December 19, 2006

First Up: Rosie O'Donnell, who recently infuriated the Asian community with her politically incorrect impression of the Chinese language says that she is "truly, truly sorry." To prove it, she promised to never again appear on the show "Nip/Tuck"
Item 2:  A drug company in Trenton, New Jersey has created a chewable birth control pill.  It comes in three flavors:  cherry, spearmint and extra-tangy sperm.
Item 3:  A new study has found that doctors should spend more time performing a colonoscopy.  They also suggest buying the patient dinner before the test, and snuggling a little bit afterwards.
Item 4:  A Sad Note
Richard Carlson, the self-help author who wrote the best -selling book "Don't Sweat the Small Stuff" passed away at the age of 45.  Funeral services are pending because his family is fighting over the time, place and flower arrangements.

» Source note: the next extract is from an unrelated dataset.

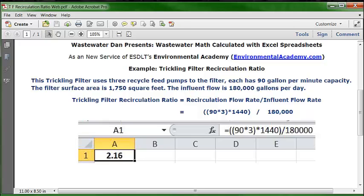We do need to use multiple parentheses for the recirculation flow rate part. We've got three pumps, each with a capacity of 90 gallons per minute, so that's where the 90 times 3 comes in — that gets the flow rate for all three pumps in minutes. Then we convert from minutes to days by multiplying by 1,440, which is the number of minutes in a day. So we have open parentheses twice, then 90 times 3, then close parentheses, times 1,440, then close parentheses for the entire top side of the formula.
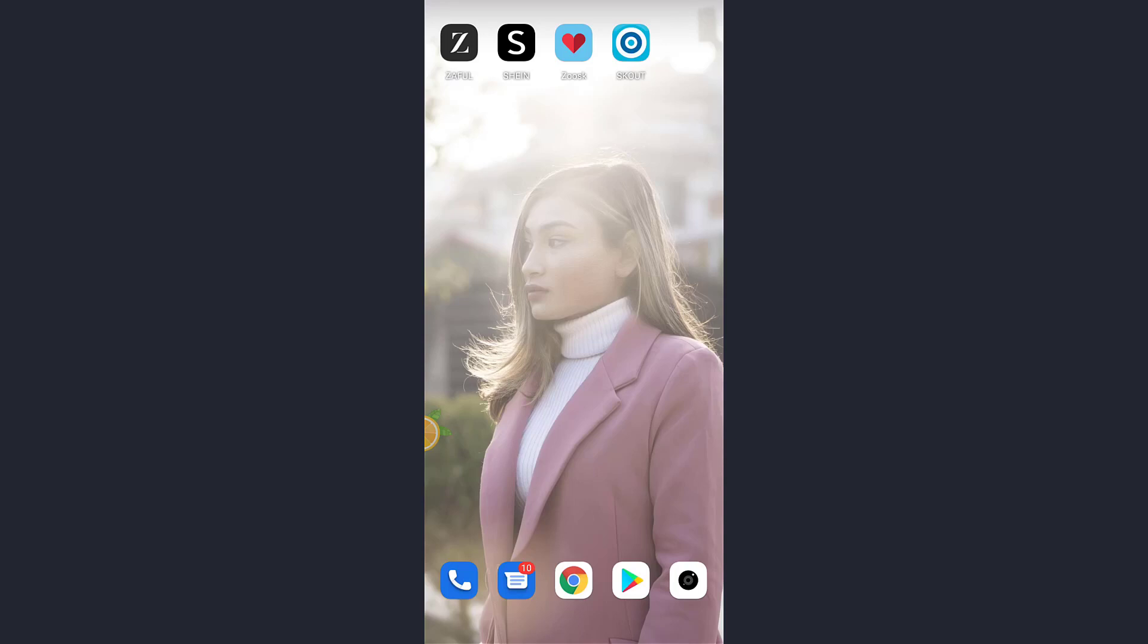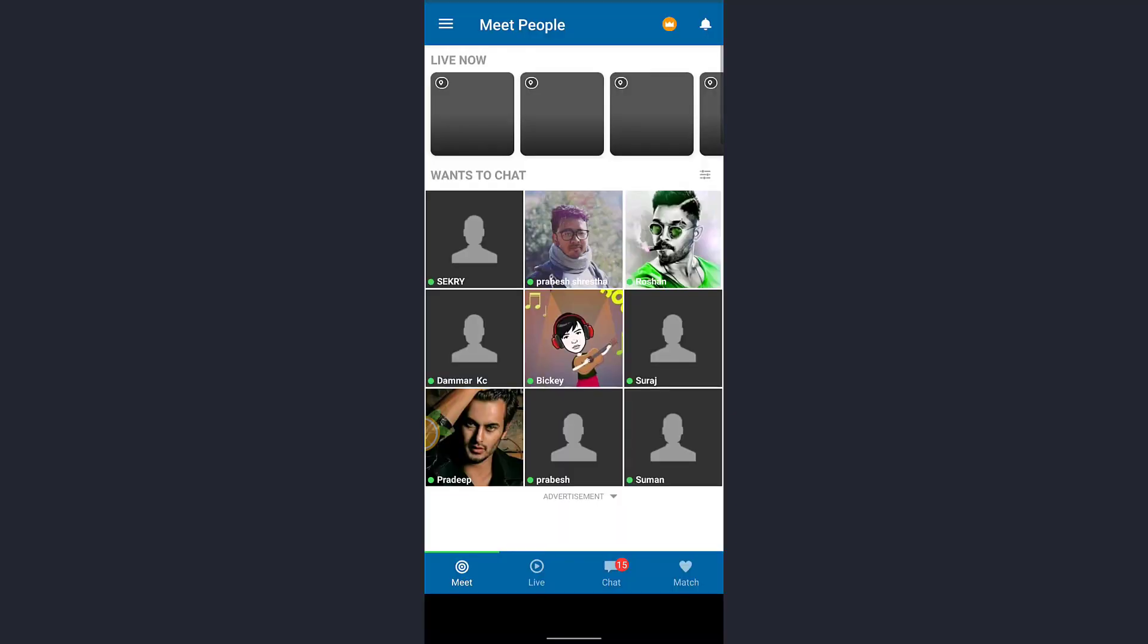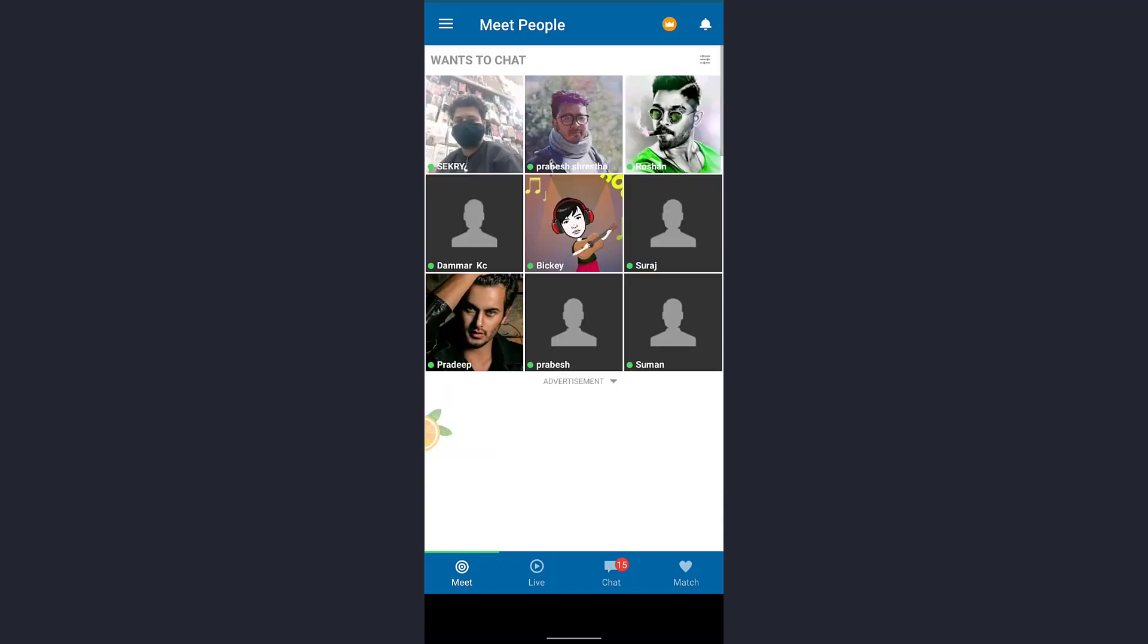Hello guys, welcome back to my channel. Today in this video I'm going to show you how you can change your password in your Scout account. So first of all, open the app after your profile has been displayed on the screen.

Item 5: Nicole Ritchie has been charged with more crimes stemming from her recent DUI arrest, including not meeting the weight requirement for riding without a car seat.
And Finally:

The Bing Crosby Joke of The Week
A couple was celebrating their fiftieth wedding anniversary at a temple.  "What is the secret to a long marriage?" the Rabbi asked the husband.  "Treat your wife with respect, spend money on her, and travel for special occasions," replied the husband. "Where have you traveled?" asked the Rabbi. "For our twenty-fifth anniversary," replied the husband, "We went to China."  "Excellent," answered the Rabbi, "Where will you go for this, your fiftieth?"  "Back to China," answered the husband, "to pick her up."